The most common ascomycete spores identified in the preparations belonged to Xylariaceae, but ascospores of Sordariaceae were present in the two species of Hoplorhaphus. Hyphae and ascospores of Euantennariaceae (true sooty moulds) were identified in the gut of Cacephatus inornatus, Dasyanthribus purpureus, Garyus altus, and Pleosporius bullatus; the last-named also contained ascospores of Pleosporaceae. These moulds grow on the honey dew deposited by some scale insects (Coccoidea). Knowing of the association of some adult anthribids with true sooty moulds, it is now not difficult to see how larvae of a few Northern Hemisphere species could have become predators of the sessile scale insects that produce honey dew (and their eggs). Pirozynski & Weresub (1979) consider the Euantennariaceae to be a relict group of fungi, the present-day distribution of which results from overland migrations of biotas in the early Cretaceous, more than 80 million years ago. If, as seems likely, some adult anthribids are very slow to change their feeding habits, then anthribid/euantennariacean associations could be extremely ancient.

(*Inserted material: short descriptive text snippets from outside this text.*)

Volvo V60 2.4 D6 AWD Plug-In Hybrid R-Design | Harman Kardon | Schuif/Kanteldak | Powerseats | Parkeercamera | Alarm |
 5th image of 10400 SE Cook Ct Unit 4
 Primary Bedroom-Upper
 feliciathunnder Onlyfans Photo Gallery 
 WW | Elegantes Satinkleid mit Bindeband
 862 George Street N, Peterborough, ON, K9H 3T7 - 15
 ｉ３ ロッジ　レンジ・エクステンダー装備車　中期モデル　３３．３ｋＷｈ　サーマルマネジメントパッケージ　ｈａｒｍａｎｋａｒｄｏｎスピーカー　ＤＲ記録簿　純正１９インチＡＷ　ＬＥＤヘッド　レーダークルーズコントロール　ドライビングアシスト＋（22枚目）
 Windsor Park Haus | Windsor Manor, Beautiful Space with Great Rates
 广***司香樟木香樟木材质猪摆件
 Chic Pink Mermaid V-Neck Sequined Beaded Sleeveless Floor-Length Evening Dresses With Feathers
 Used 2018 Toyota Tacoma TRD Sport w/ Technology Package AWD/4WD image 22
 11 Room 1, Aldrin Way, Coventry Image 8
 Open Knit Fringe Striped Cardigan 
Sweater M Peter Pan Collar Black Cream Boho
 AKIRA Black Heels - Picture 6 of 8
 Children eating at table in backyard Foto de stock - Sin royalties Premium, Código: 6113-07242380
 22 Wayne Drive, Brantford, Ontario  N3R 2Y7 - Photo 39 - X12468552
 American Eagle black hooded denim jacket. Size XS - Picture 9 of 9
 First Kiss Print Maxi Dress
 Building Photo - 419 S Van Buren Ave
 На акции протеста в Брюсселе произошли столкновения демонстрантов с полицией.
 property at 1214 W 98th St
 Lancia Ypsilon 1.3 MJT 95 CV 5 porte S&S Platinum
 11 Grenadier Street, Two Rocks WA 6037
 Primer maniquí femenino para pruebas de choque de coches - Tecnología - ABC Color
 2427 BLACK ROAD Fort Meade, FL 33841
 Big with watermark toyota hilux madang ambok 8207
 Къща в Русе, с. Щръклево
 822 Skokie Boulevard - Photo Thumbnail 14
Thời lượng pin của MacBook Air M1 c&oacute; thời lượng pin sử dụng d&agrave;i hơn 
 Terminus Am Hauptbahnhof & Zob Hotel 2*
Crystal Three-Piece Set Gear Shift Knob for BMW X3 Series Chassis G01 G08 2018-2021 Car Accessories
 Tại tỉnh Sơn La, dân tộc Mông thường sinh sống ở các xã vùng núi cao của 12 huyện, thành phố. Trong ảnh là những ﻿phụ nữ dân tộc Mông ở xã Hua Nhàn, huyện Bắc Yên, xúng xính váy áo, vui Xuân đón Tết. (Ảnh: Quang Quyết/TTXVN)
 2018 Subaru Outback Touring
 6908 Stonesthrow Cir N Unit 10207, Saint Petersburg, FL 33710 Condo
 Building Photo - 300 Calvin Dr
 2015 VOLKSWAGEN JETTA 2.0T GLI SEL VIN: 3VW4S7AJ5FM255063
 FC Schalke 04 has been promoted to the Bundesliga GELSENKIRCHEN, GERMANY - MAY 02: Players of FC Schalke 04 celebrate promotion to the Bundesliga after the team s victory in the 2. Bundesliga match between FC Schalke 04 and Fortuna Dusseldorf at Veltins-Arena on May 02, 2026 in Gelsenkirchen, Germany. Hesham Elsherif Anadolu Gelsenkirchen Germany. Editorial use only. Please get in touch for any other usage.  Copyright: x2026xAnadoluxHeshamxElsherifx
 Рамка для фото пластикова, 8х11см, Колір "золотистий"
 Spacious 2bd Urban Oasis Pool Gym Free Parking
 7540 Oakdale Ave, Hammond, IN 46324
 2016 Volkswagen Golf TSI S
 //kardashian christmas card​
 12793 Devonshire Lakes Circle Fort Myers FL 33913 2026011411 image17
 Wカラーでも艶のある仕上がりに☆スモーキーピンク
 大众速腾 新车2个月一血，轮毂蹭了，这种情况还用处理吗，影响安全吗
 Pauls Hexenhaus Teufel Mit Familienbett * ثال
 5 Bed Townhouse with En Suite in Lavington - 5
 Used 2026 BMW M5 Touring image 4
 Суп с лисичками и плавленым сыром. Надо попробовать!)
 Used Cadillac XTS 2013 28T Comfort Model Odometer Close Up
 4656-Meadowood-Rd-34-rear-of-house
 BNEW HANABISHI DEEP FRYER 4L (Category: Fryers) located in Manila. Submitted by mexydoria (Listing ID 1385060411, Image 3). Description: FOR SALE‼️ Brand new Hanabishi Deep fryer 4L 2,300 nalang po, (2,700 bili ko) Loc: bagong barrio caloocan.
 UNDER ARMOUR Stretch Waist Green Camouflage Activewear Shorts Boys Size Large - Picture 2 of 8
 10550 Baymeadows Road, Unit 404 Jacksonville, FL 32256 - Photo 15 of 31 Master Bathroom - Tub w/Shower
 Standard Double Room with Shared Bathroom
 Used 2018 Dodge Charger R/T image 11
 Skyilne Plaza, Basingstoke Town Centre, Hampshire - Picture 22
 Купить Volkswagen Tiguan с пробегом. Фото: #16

All the basiodiomycetes identified in the hindgut preparations were rusts (Uredinales). Rust spores ingested by adults of Araecerus palmaris belonged to the same species that induces the acacia galls in which their larvae develop. Those found in the gut of the grass stem anthribid Euciodes suturalis belonged to Puccinia, a genus commonly found on grasses and weeds.
It was expected that the gut contents of the two specimens of Lichenohius maritimus collected on encrusting plant material in a wave-washed crevice on the Bounty Islands would include fragments of algae or lichens, but only fungal spores and hyphae - apparently not associated with lichens - were present, so presumably these beetles had been feeding on a marine fungus.